Lauréats précédents : Jean Chung (2008), Margaret Crow (2009), Lizzie Sadin (2010), Maciek Nabrdalik (2012), Arnau Bach (2013), Kosuke Okahara (2014), Alfonso Moral (2015), Ferhat Bouda (2016), Romain Laurendeau (2017), Jérôme Sessini (2018), Axelle de Russé (2019), Jérôme Gence (2020), Mary F. Calvert (2021). Laura Morton (2022).

Le Prix François Billetdoux porte le nom du romancier, dramaturge, auteur « multimedia » de radio et télévision qui fut l’un des fondateurs de la Scam. Doté de 5000 €, il est attribué à l’autrice ou l’auteur d’un ouvrage littéraire en langue française, évoquant l’univers de la littérature, de la photographie, du cinéma, de la radio, du journalisme ou de la télévision.

Le jury, composé de Laura Alcoba, Arno Bertina, Catherine Clément, Colette Fellous, Simonetta Greggio, Nedim Gürsel, Ivan Jablonka, Isabelle Jarry, Michèle Kahn, Bertrand Leclair et Pascal Ory, a dévoilé sa sélection :

  • Baldwin, Styron et moi de Mélikah Abdelmoumen (Mémoire d’encrier, 2022)
  • Sur les pouvoirs de la littérature de Justine Augier (Actes Sud, 2023)
  • Le Vingtième siècle d’Aurélien Bellanger (Gallimard, 2023)
  • Sylvia P. d’Ananda Devi (Editions Bruno Doucey, 2022)
  • Si nous avions su que nous l’aimions tant, nous l’aurions aimé davantage de Thierry Frémaux (Grasset, 2022)
  • Héctor de Léo Henry (Payot & Rivages, 2023)
  • Sidonie Gabrielle Colette d’Emmanuelle Lambert (Gallimard, 2022)
  • Totalement inconnu de Gaëlle Obiégly (Christian Bourgois Editeur, 2022)
  • Le Risque de voir de Thierry Soulard (Les Editions du Cerf, 2022)
  • Les Sables savants d’Isabelle Vouin (Editions du Jasmin, 2022)

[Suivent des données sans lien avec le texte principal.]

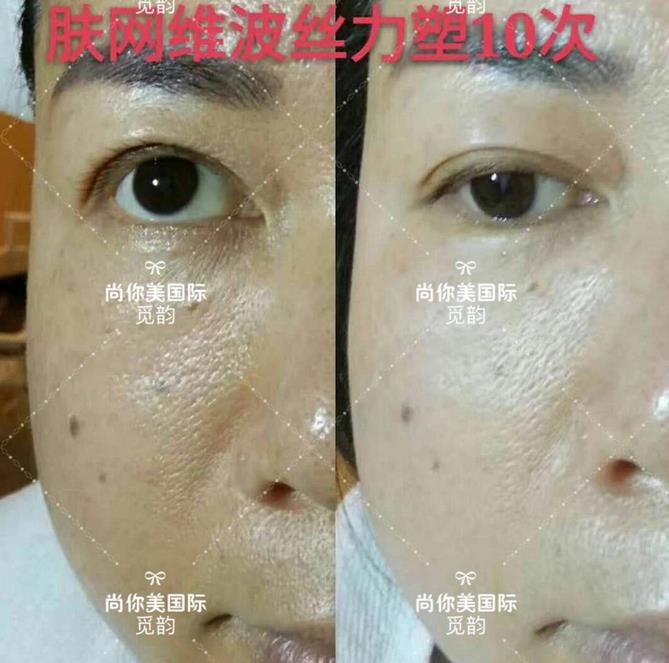美白面膜哪個(gè)牌子的效果好價(jià)格便宜點(diǎn)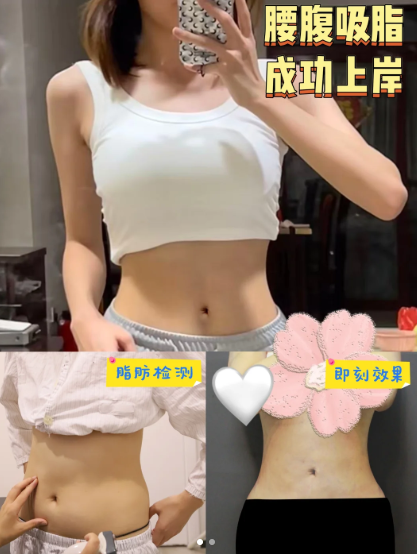 2026年成都吸脂哪个医生做得最好？赵善军、郑方荣、王欣、李祥彬、赵善军？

La Scam rassemble des auteurs et des autrices qui œuvrent à la création documentaire audiovisuelle ou sonore, aux reportages et grands reportages, à la traduction, la vidéo, la photographie, le dessin et l’écrit sous toutes ses formes. Elle négocie, collecte et répartit leurs droits d’auteur, défend leurs intérêts et mène une action culturelle et sociale. Ainsi, elle décerne chaque année de multiples prix, dont plusieurs dans le domaine de l’écrit : le Prix Joseph Kessel, le Prix Marguerite Yourcenar, le Prix François Billetdoux et le Prix du Récit dessiné.